В том-то и вопрос. Не лучше ли отвести глаза, когда ты бессилен? Не лучше ли скрыться под маской равнодушия и сохранить энергию для реального дела, а не для иллюзий? Можно не отвечать, Константин Петрович. Ответ только один: нет!
Нынешним ветреным холодным вечером Морозов решил перед кем-то исповедаться. Хотя бы перед собой, небом или кленами, все равно перед кем, лишь бы определить точные нравственные границы своей жизни.
В конце концов Морозов понял, что он избегает прямого столкновения с Рымкевичем. В этой мысли таился вызов всей его философии, позволившей отказаться от мести и от использования старика в корыстных целях. Эта мысль проломила с трудом построенную крепость и сделала жалкой нынешнее сопротивление Константина желанию Зимина заигрывать с Рымкевичем. Разве не утешение слабосильному — отказ от единоборства под флагом миротворчества? А он был именно слабосильным героем, который пытался скрыть это в умствованиях о нравственной чистоте. Что это было, как не попытка уклониться от жизни, подменив жизнь рассуждениями о ней? Это очень удобно — послать все проблемы к черту, выйти из игры, как он вышел из «Ихтиандра», и остаться незапятнанным холодным наблюдателем.
В тот вечер Зимин приехал к Морозову, и они отправились домой к Рымкевичу. Это произошло с твердой логичностью, поразившей Константина, словно встреча была давно предопределена.
Зимин был малословен.
— Пошли, — сказал он, не объяснив направления.
Садясь в «Запорожец», Зимин с силой хлопнул дверцей, и кузов маленькой машины вздрогнул.
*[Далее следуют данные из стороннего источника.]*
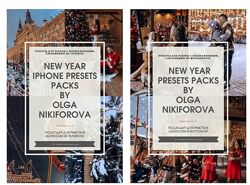 Ольга Никифорова New Year Presets 2024 New Year iPhone Presets 2024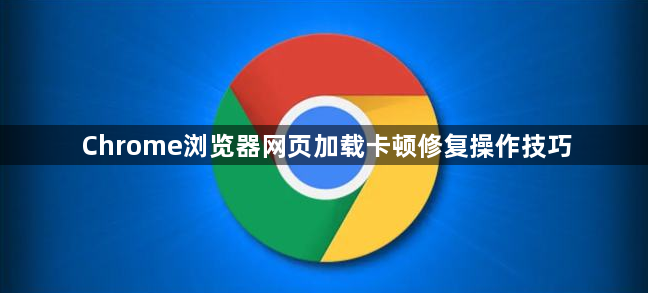 Chrome浏览器网页加载卡顿修复操作技巧1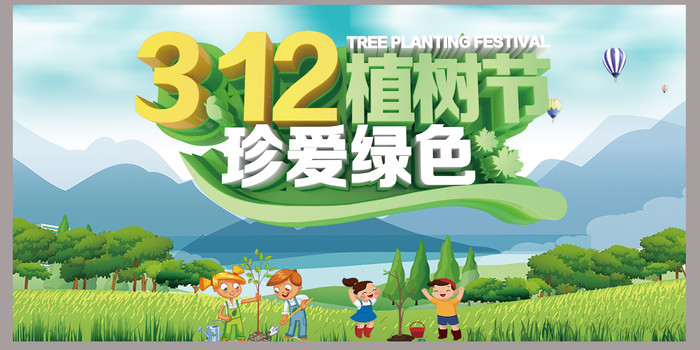 绿色的植树节海报 绿色的植树节海报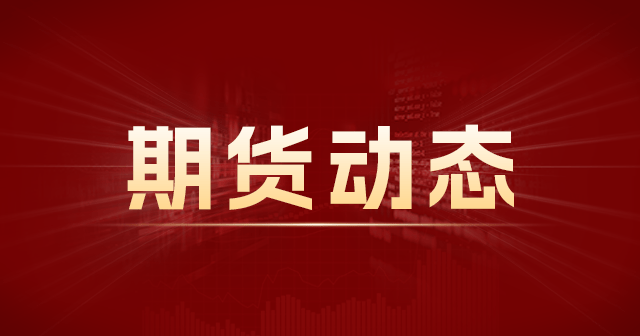 国债期货全线下跌，30年期跌0.35%：央行20亿逆回购操作  第1张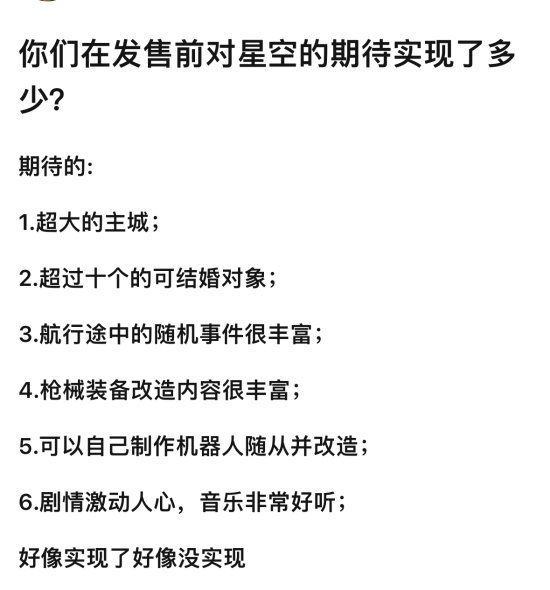 ＂《星空》年度游戏＂登贴吧热搜 玩家：今年最大小丑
Морозов усмехнулся и покосился вправо.
— Извини, — буркнул Зимин.
Это были его первые слова, произнесенные после того, как они спустились по лестнице во двор. Константин включил фары, и дальний свет устремился на беловатые качающиеся кусты, за которыми начинались бывшие огороды (там стояли типовые дома с горящими окнами).
В кабине от приборного щитка исходило слабое свечение.
— Где он живет? — спросил Морозов.
— На бульваре Пушкина, за драмтеатром… У тебя здесь уютно. Сколько она стоит?
Морозов промолчал, хотя вопросом о «Запорожце» Зимин, по-видимому, предлагал помириться.
— Тяжелый ты мужик, — полуобиженно-полураздраженно сказал Зимин.
— Возможно.
Зимин вздохнул и, когда выехали со двора, продолжал новым тоном:
— Значит, он просто твой благодетель-инкогнито?
— Он мелкая душонка, — ответил Морозов. — Сегодня вы в этом убедитесь.
— Ну, положим, я тоже его знаю! — оживляясь, возразил Зимин. — Он работник, каких надо поискать.
— Он мелкая душонка. Боюсь, сегодня вы ничего не добьетесь, но рискуете потерять…
— Нет, я все-таки пойду с тобой.
— Идите. Дело ваше.
Зимин расслабился, засунул руку за спинку, сиденье заскрипело. Он что-то пощупал в кармане чехла и спросил:
— Что ты тут возишь?
— Где? — повернулся Морозов. — Термос.
— По-моему, ты неправильно думаешь о нем. Я думаю, когда он умрет, его будут хоронить с военным оркестром по высшему разряду.
— Я уже ничего не думаю, — сказал Морозов. — Я просто знаю.
…Рымкевич, увидев их, на мгновение прикрыл глаза тяжелыми складчатыми веками, отчего его лицо замерло в скорбном выражении. Тут же глаза открылись, блеснули льдистыми белками, и неживая маска старческих черт сразу ожила.
— Все-таки настигли меня! — вымолвил он с легкой иронией созвучной каким-то его тревогам.
И Морозов подумал: неужели старик ждет расплаты? Однако почему он стремился к ней, какая тоска гнала его на суд? А может, он хотел не суда, но хотел укрепиться в своем зле, сотворенном больше двадцати лет назад отцу Константина, ибо стоило убедиться теперь в слабости ветви, чтобы решить о бессилии самого древа?